The Healing Power of Carbon Neutrality
Terrific news! We’ve discovered a handgun company, Gang Green Firearms, whose entire product line is certifiably carbon neutral. They have certificates that say so.
Their pistols and automatics do what all other guns do – shoot bullets that kill living creatures – but, even so, you’ve got to admit that a carbon neutral gun has less negative impact on the environment and society than one that contributes greenhouse gasses to the atmosphere. You could say that by being carbon neutral, the “bad” product has become “good,” and if not good then at least “acceptable.”
It’s miraculous and wonderful is what it is.
Those who would dismiss this marvelous achievement in handgun carbon neutrality as mere marketing propaganda are missing the more important point: Sure, it’s marketing, but at least it’s true!
We can all agree that any corporate product that is harmful to society, any corporate product that diminishes social justice instead of enlarging it, alchemically becomes totally OK if and when it can be shown to be a carbon neutral creation.
Bottled water, for example. Now, most folks bright enough to read this essay don’t need to be told how intrinsically awful the bottled water industry is. Most folks understand that monetizing a plastic bottle filled with a human necessity is wrong. Evil. Disgusting. Whatever inflammatory word you prefer. Controlling and profiting from a resource that belongs to no one is “free-market” capitalism at its worst, the antithesis of social justice. It’s old as colonialism: Take the public resources from beneath the feet of poor people and then sell it back to them at a profit (after paying them a pittance to extract the resource for your benefit). Many savvy corporations – including Coca-Cola, Pepsi, Nestle, among the world’s largest producers of ocean-bound trash – understand the benefits of marketing their filtered tap water as “environmentally friendly,” contained in bottles made from recycled plastic and plants. And then, voila – they’re not so bad after all.
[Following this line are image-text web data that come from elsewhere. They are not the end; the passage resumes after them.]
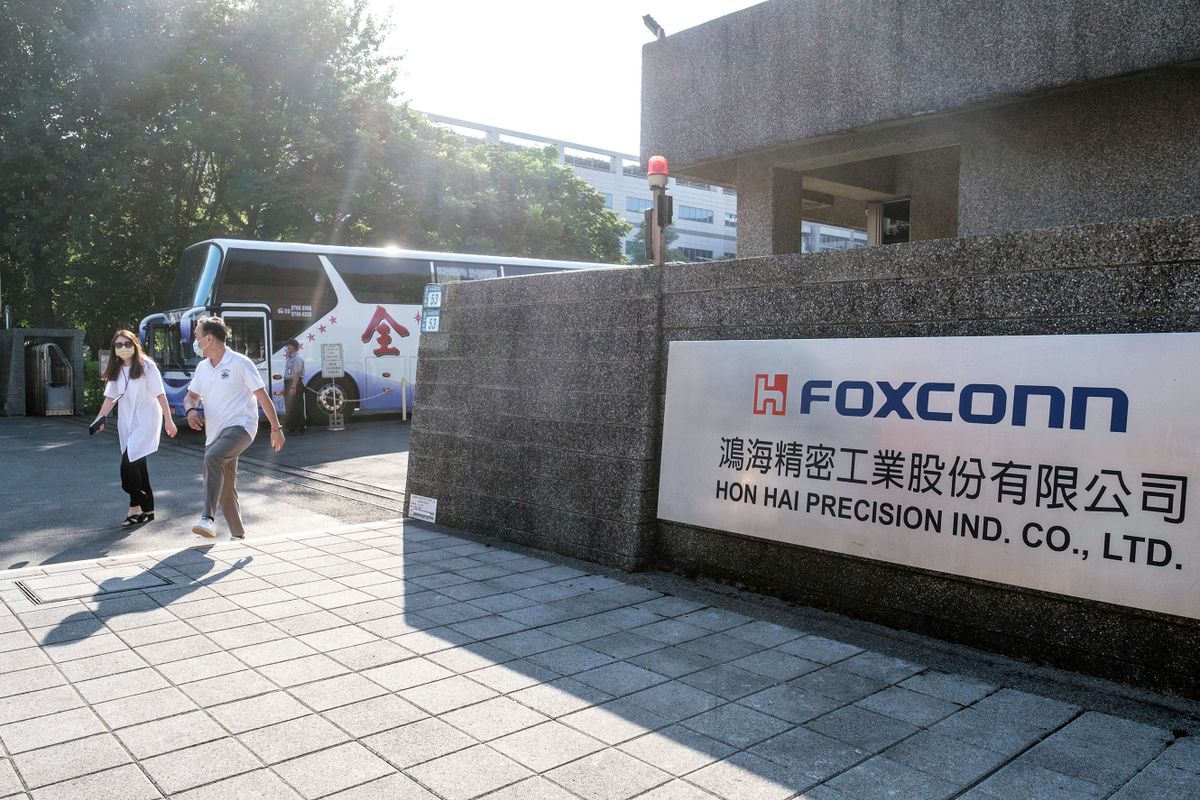 Signage at the Hon Hai Precision Industry Co. headquarters in New Taipei City, Taiwan, on Wednesday, Aug. 10, 2022. Taiwan wants to force Foxconn Technology Group to unwind an $800 million investment in Chinese chipmaker Tsinghua Unigroup, the Financial Times reported, citing unidentified people familiar with the matter. 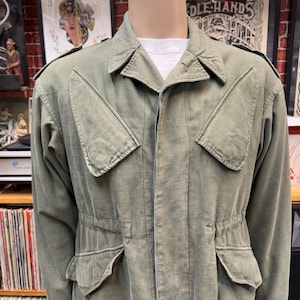 May include: A green military-style jacket with a zipper closure, two large flap pockets on the chest, and two smaller flap pockets on the bottom. The jacket has a drawstring waist and a collar.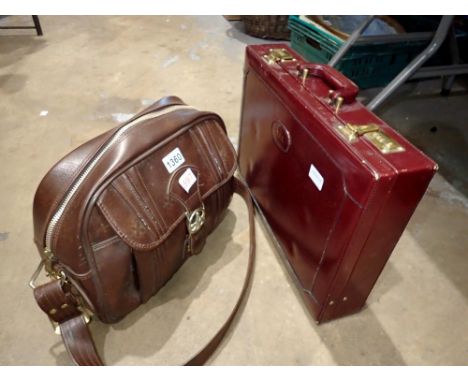 TSS leather bound briefcase and a leather locking bag. Not available for in-house P&amp;P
Like the carbon neutral handgun company.
The latest corporation to attempt this magical trick is Icelandic Glacial water. In full-page advertisements in the Los Angeles Times, whose readers understand they deserve the very best of everything, including water shipped in from Fiji, Icelandic Glacial advertise themselves as carbon neutral – and, as previously discussed, exempt from all other social crimes that bottling water normally engenders. Now one sees their premium elixir (sold for premium prices) in the local Vegan Community Justice Cafe, and other places where carbon neutrality is king.
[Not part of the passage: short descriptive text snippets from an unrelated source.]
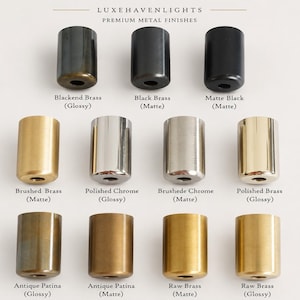 K&ouml;nnte beinhalten: Eine Sammlung von elf zylindrischen Metallkomponenten, angeordnet in drei Reihen, beschriftet mit LUXEHAVENLIGHTS PREMIUM METAL FINISHES. Die Oberfl&auml;chen umfassen geschw&auml;rztes Messing, schwarzes Messing, Mattschwarz, geb&uuml;rstetes Messing, poliertes Chrom, geb&uuml;rstetes Chrom, poliertes Messing sowie Antik-Patina und rohes Messing in gl&auml;nzenden und matten Texturen.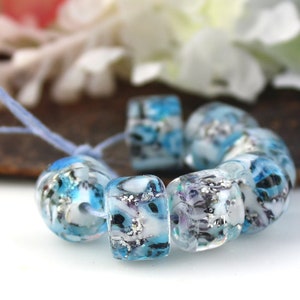 May include: A strand of blue and white glass beads with a silver glitter effect. The beads are round and have a mottled appearance.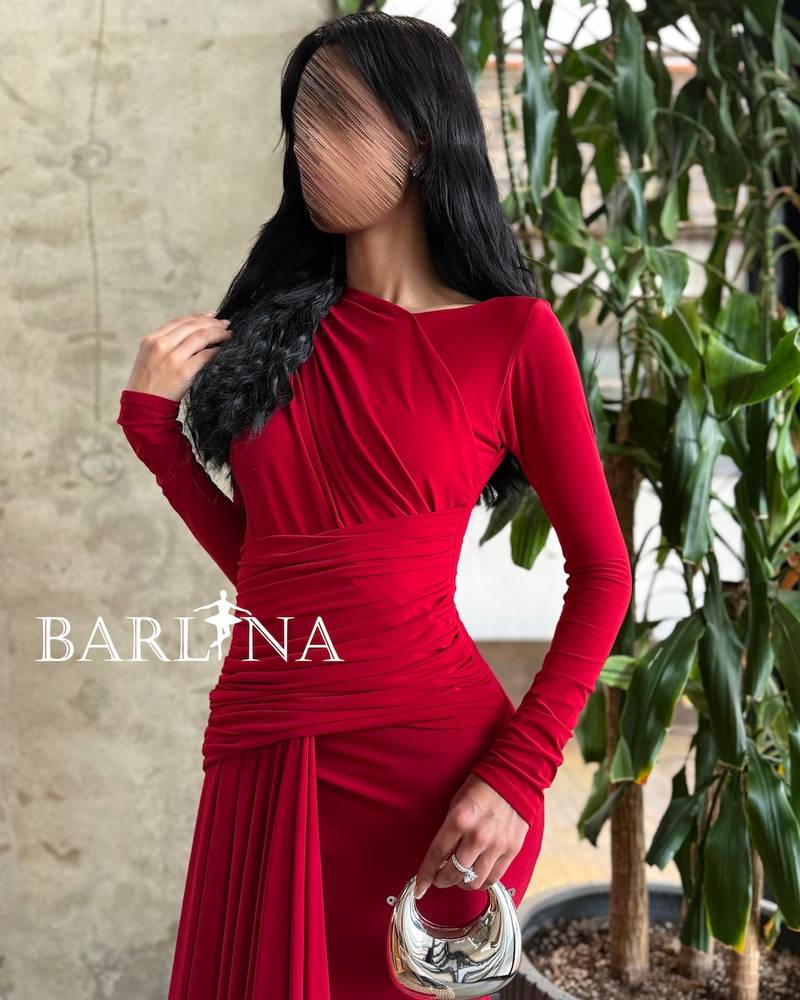 Long red draped dress with an extended tail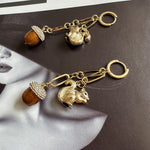 Gold squirrel and pinecone drop earrings with jeweled acorn-like tassels and dangle hoops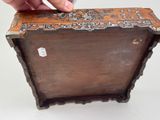 a hand that is putting something in a wooden box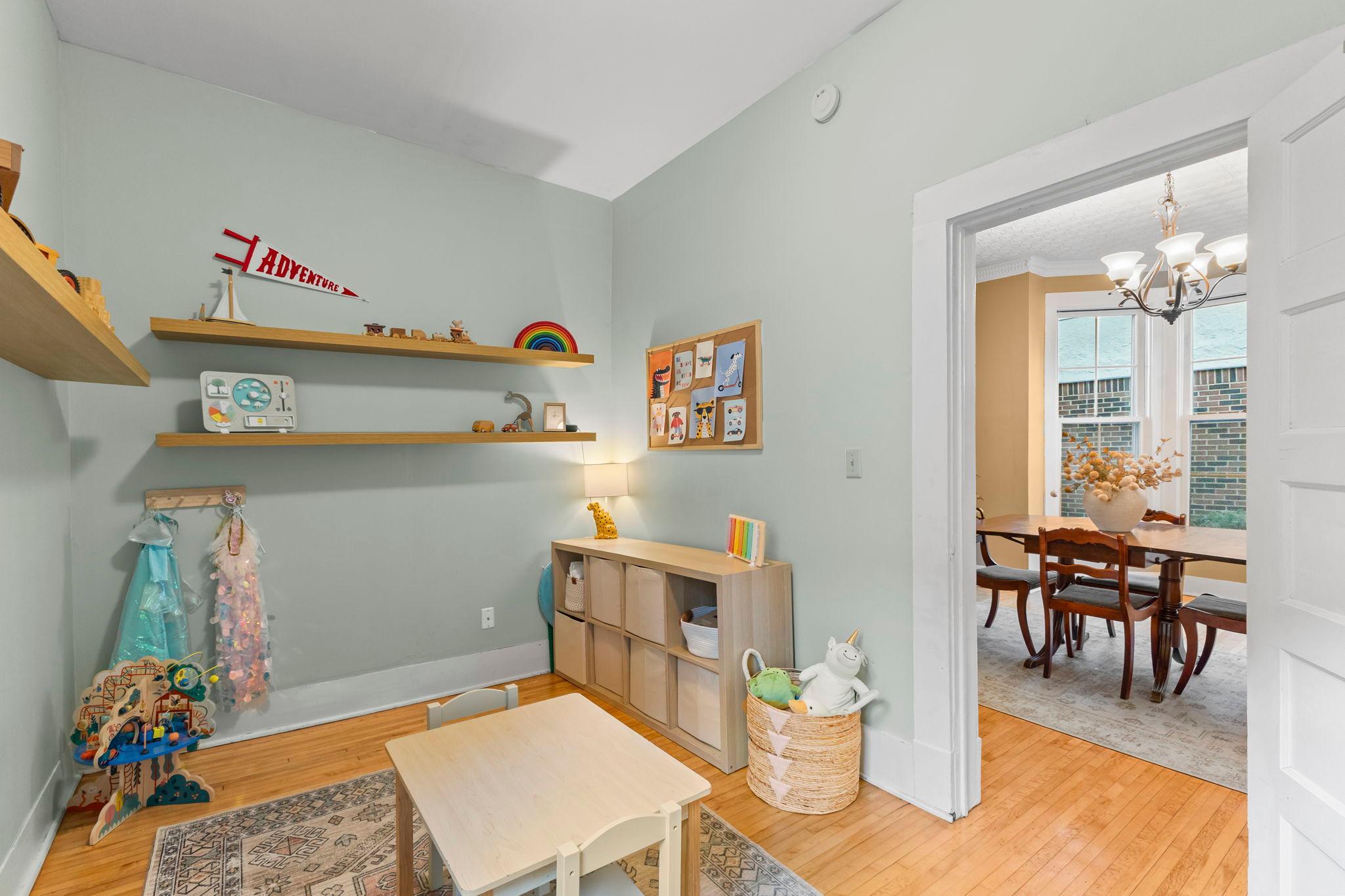 Main floor bedroom currently used as play room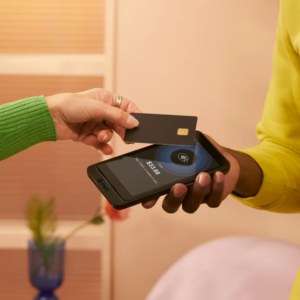 image of green jumper-wearing person tapping a card agaisnt a phone held my a person in a yellow jumper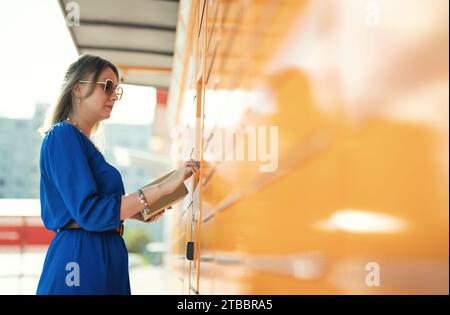 Donna che invia posta tramite terminale automatico self-service. Foto Stock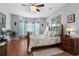 Comfortable bedroom with wooden floors, ceiling fan, neutral walls, and bay window at 274 Avenue Of The Palms, Myrtle Beach, SC 29579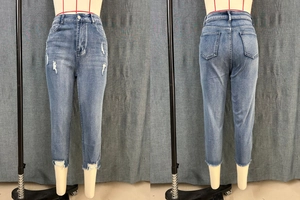 Close-up detail of distressed ripped accents and raw hem on slim-fit denim jeans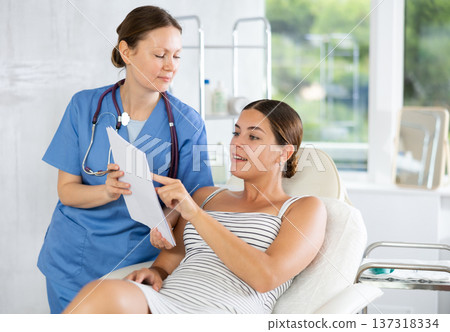 Adult female doctor shows contract to patient Adult female doctor shows contract to patient 137318334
We are not victims of marketing (even though, admittedly, one of the signs of being victimized by marketing is to be unaware that you’ve been propagandized). We are conscious consumers who have decided that intrinsically unjust products can be rehabilitated, their sins cleansed and past crimes forgiven. It’s a first step toward social justice, right? Being environmentally friendly while you sell – even if what you sell is a jar of sunshine, a breath of air, or anything else that belongs to no one and everyone – surely makes the world a better place. Doesn’t it?